** SOURCE DATA follows **

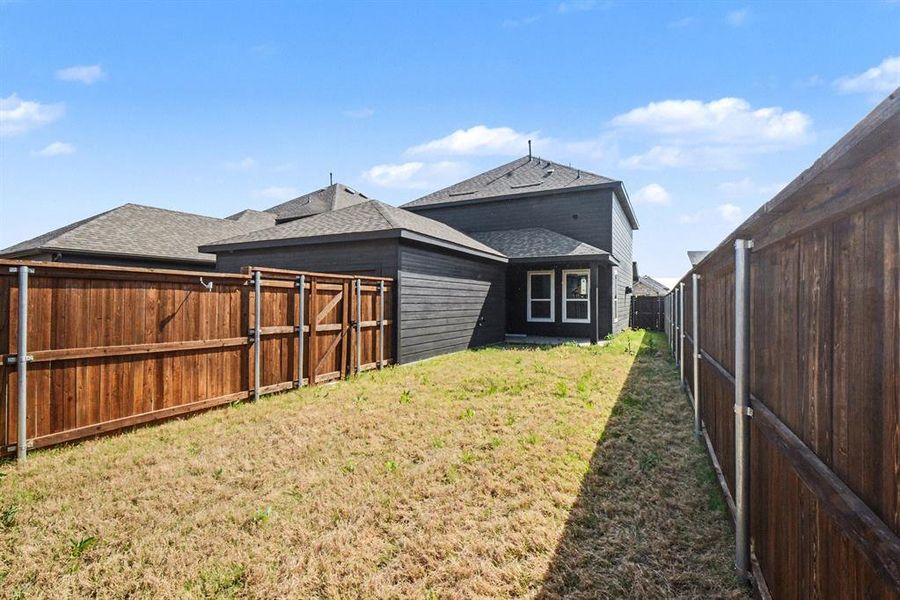 Exterior details and patio area of a home in , Royse City (Image 3).
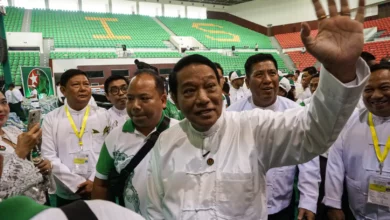 စစ်တပ် တည်ထောင်ထားသည့် ပြည်ထောင်စု ကြံ့ခိုင်ရေးနှင့် ဖွံ့ဖြိုးရေးပါတီ၏ ခေါင်းဆောင် ဦးခင်ရီနှင့် ပါတီဝင်များ။ (ဓာတ်ပုံ - Myanmar Now)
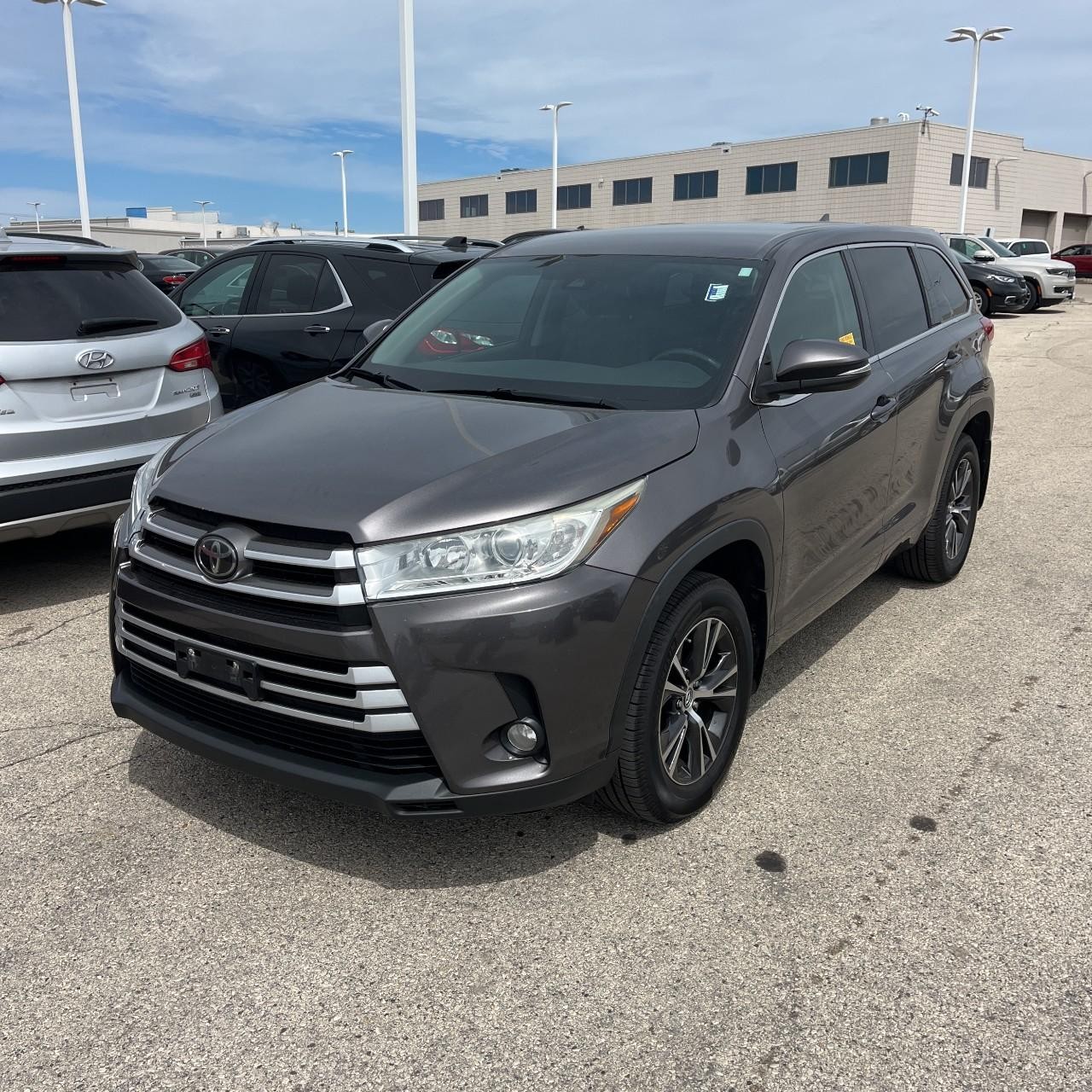Toyota Highlander Vehicle Full-screen Gallery Image 2
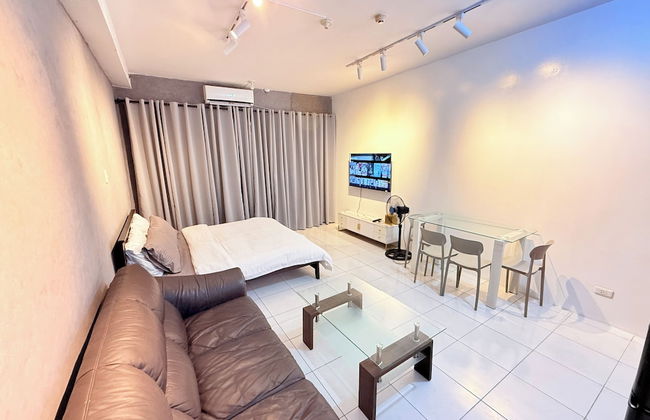 Malate Bayview Mansion - Photo 17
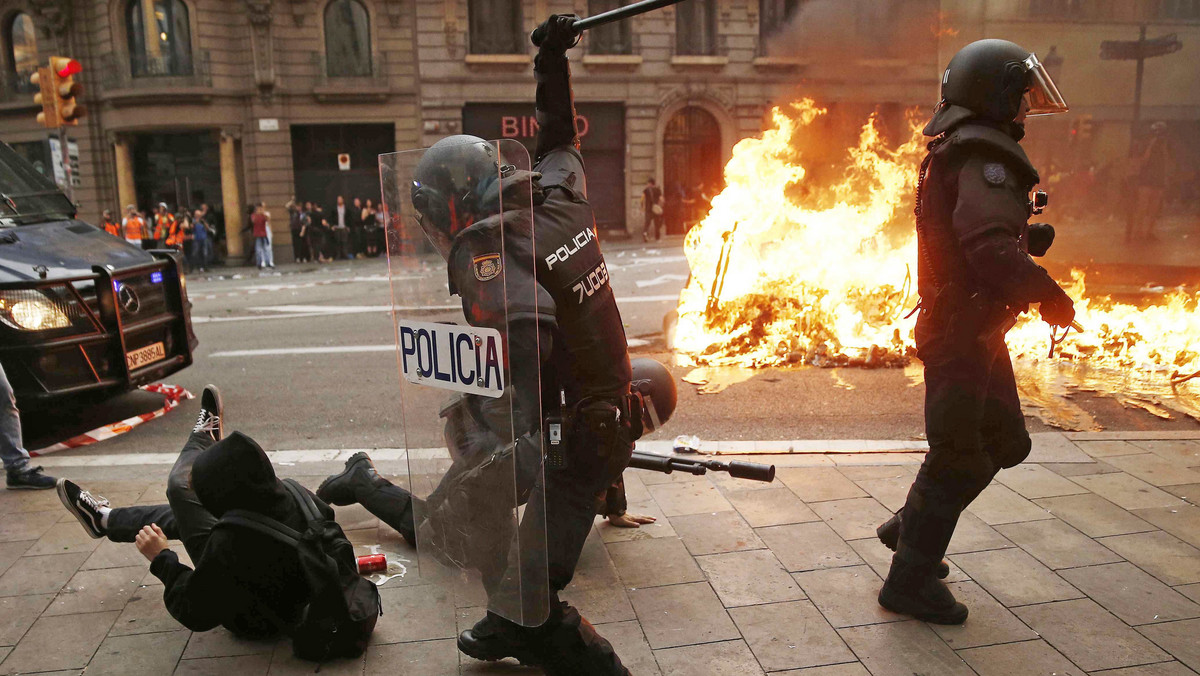 Najtrudniejsza sytuacja panowała w pobliżu barcelońskiej stacji metra Urquinaona, gdzie policja użyła pałek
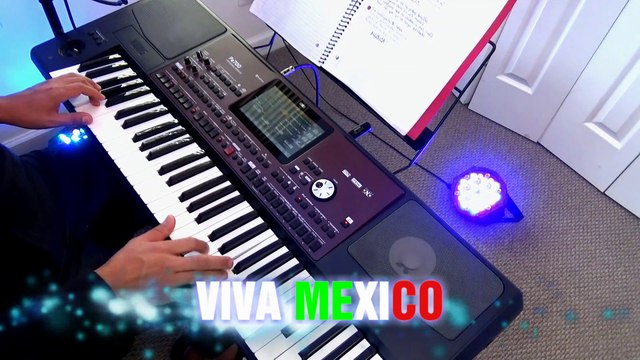 Reyes Garcia Tecladista de Chicago Tocando cumbias Tropicales en vivo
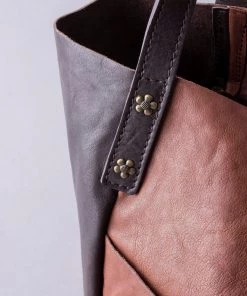 Lakeland Leather Tan Brown Hartsop Leather Tote Bag -Lakeland Leather Sales unnamed file 870 scaled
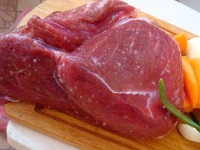 Зазвичай дієтична яловичина - це «м'ясо в напівтушах і четвертинах», висловлюючись мовою втратив юридичну силу ГОСТу СРСР
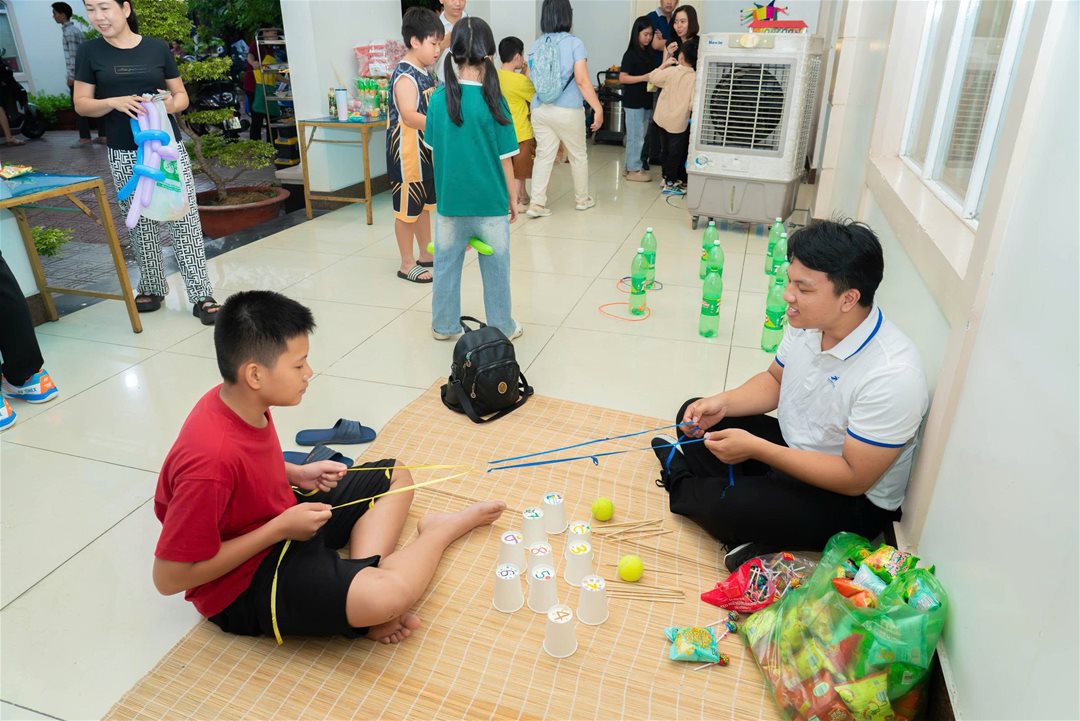 LHU gắn kết yêu thương, lan tỏa giá trị gia đình trong mùa Tết Trung thu  Hướng đến chào mừng kỷ niệm 29 năm thành lập Trường Đại học Lạc Hồng (24/9/1997 – 24/9/2026), chiều ngày 19/9, Trường Đại học Lạc Hồng đã tổ chức chương trình “Ngày hội Gia đình LHU” và “Tết Trung thu – Tết LHU” dành cho con Nhà giáo, Người lao động (NGNLĐ) năm 2026, mở đầu cho không khí kỷ niệm bằng những khoảnh khắc vui tươi, ấm áp. Chương trình có sự tham dự của đông đảo gia đình cán bộ, giảng viên, người lao động cơ hữu trong trường, tạo nên không gian giao lưu gần gũi và đầy tiếng cười.   Chương trình ảo thuật, tạo hình bong bóng dành cho các em nhỏ  Mở đầu hoạt động, chương trình “Ngày hội Gia đình LHU” mang đến nhiều sân chơi dành cho các gia đình và các em nhỏ. Các cuộc thi Karaoke gia đình LHU, Tài năng nhí LHU, cờ tướng, cờ vua trở thành dịp để các thành viên cùng tham gia, thể hiện năng khiếu và tạo nên những khoảnh khắc đáng nhớ. Không khí ngày hội thêm phần sôi nổi khi các gia đình cùng cổ vũ, chia sẻ niềm vui trong các hoạt động chung.  Hội thi cờ tướng, cờ vua cho con NGNLĐ  Những hoạt động quen thuộc của mùa trăng tháng Tám được tái hiện qua chương trình “Tết Trung thu - Tết LHU” đưa các em nhỏ bước vào không gian Trung thu đầy màu sắc với trò chơi dân gian có thưởng, nặn bong bóng, thưởng thức bắp rang bơ, kẹo bông gòn, xem múa lân, rước đèn, ảo thuật và cùng nhau phá cỗ.    Một số trò chơi vận động, trò chơi dân gian có thưởng tại chỗ   Thông qua chương trình, Nhà trường thể hiện sự quan tâm đến đời sống tinh thần của NGNLĐ và gia đình, đồng thời tạo thêm không gian để các thành viên cùng kết nối và lưu giữ những kỷ niệm đẹp. Đây cũng là một trong những hoạt động góp phần vun đắp tinh thần đoàn kết, sẻ chia trong tập thể LHU.   Đại gia đình LHU vui Trung thu cùng các em nhỏ  Đặc biệt, diễn ra trong thời điểm hướng đến dấu mốc 29 năm thành lập Trường Đại học Lạc Hồng, những khoảnh khắc sum vầy của các gia đình càng góp phần làm nên không khí đặc biệt của mùa kỷ niệm. Từ những sân chơi nhỏ dành cho các em đến những phút giây giao lưu của các gia đình, tinh thần gắn bó và đồng hành tiếp tục được lan tỏa, tạo nên một mùa Trung thu trọn vẹn trong mái nhà chung LHU.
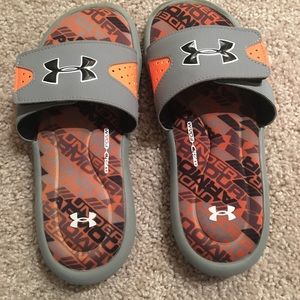 Boys Under Armour slides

** End of SOURCE DATA **

■ TASK DIRECTIONS
Transcribe the records above exactly, without images.

■ RESPONSE FOR THIS EXERCISE
 Exterior details and patio area of a home in , Royse City (Image 3).
 စစ်တပ် တည်ထောင်ထားသည့် ပြည်ထောင်စု ကြံ့ခိုင်ရေးနှင့် ဖွံ့ဖြိုးရေးပါတီ၏ ခေါင်းဆောင် ဦးခင်ရီနှင့် ပါတီဝင်များ။ (ဓာတ်ပုံ - Myanmar Now)
Toyota Highlander Vehicle Full-screen Gallery Image 2
 Malate Bayview Mansion - Photo 17
 Najtrudniejsza sytuacja panowała w pobliżu barcelońskiej stacji metra Urquinaona, gdzie policja użyła pałek
 Reyes Garcia Tecladista de Chicago Tocando cumbias Tropicales en vivo
 Lakeland Leather Tan Brown Hartsop Leather Tote Bag -Lakeland Leather Sales unnamed file 870 scaled
 Зазвичай дієтична яловичина - це «м'ясо в напівтушах і четвертинах», висловлюючись мовою втратив юридичну силу ГОСТу СРСР
 LHU gắn kết yêu thương, lan tỏa giá trị gia đình trong mùa Tết Trung thu  Hướng đến chào mừng kỷ niệm 29 năm thành lập Trường Đại học Lạc Hồng (24/9/1997 – 24/9/2026), chiều ngày 19/9, Trường Đại học Lạc Hồng đã tổ chức chương trình “Ngày hội Gia đình LHU” và “Tết Trung thu – Tết LHU” dành cho con Nhà giáo, Người lao động (NGNLĐ) năm 2026, mở đầu cho không khí kỷ niệm bằng những khoảnh khắc vui tươi, ấm áp. Chương trình có sự tham dự của đông đảo gia đình cán bộ, giảng viên, người lao động cơ hữu trong trường, tạo nên không gian giao lưu gần gũi và đầy tiếng cười.   Chương trình ảo thuật, tạo hình bong bóng dành cho các em nhỏ  Mở đầu hoạt động, chương trình “Ngày hội Gia đình LHU” mang đến nhiều sân chơi dành cho các gia đình và các em nhỏ. Các cuộc thi Karaoke gia đình LHU, Tài năng nhí LHU, cờ tướng, cờ vua trở thành dịp để các thành viên cùng tham gia, thể hiện năng khiếu và tạo nên những khoảnh khắc đáng nhớ. Không khí ngày hội thêm phần sôi nổi khi các gia đình cùng cổ vũ, chia sẻ niềm vui trong các hoạt động chung.  Hội thi cờ tướng, cờ vua cho con NGNLĐ  Những hoạt động quen thuộc của mùa trăng tháng Tám được tái hiện qua chương trình “Tết Trung thu - Tết LHU” đưa các em nhỏ bước vào không gian Trung thu đầy màu sắc với trò chơi dân gian có thưởng, nặn bong bóng, thưởng thức bắp rang bơ, kẹo bông gòn, xem múa lân, rước đèn, ảo thuật và cùng nhau phá cỗ.    Một số trò chơi vận động, trò chơi dân gian có thưởng tại chỗ   Thông qua chương trình, Nhà trường thể hiện sự quan tâm đến đời sống tinh thần của NGNLĐ và gia đình, đồng thời tạo thêm không gian để các thành viên cùng kết nối và lưu giữ những kỷ niệm đẹp. Đây cũng là một trong những hoạt động góp phần vun đắp tinh thần đoàn kết, sẻ chia trong tập thể LHU.   Đại gia đình LHU vui Trung thu cùng các em nhỏ  Đặc biệt, diễn ra trong thời điểm hướng đến dấu mốc 29 năm thành lập Trường Đại học Lạc Hồng, những khoảnh khắc sum vầy của các gia đình càng góp phần làm nên không khí đặc biệt của mùa kỷ niệm. Từ những sân chơi nhỏ dành cho các em đến những phút giây giao lưu của các gia đình, tinh thần gắn bó và đồng hành tiếp tục được lan tỏa, tạo nên một mùa Trung thu trọn vẹn trong mái nhà chung LHU.
 Boys Under Armour slides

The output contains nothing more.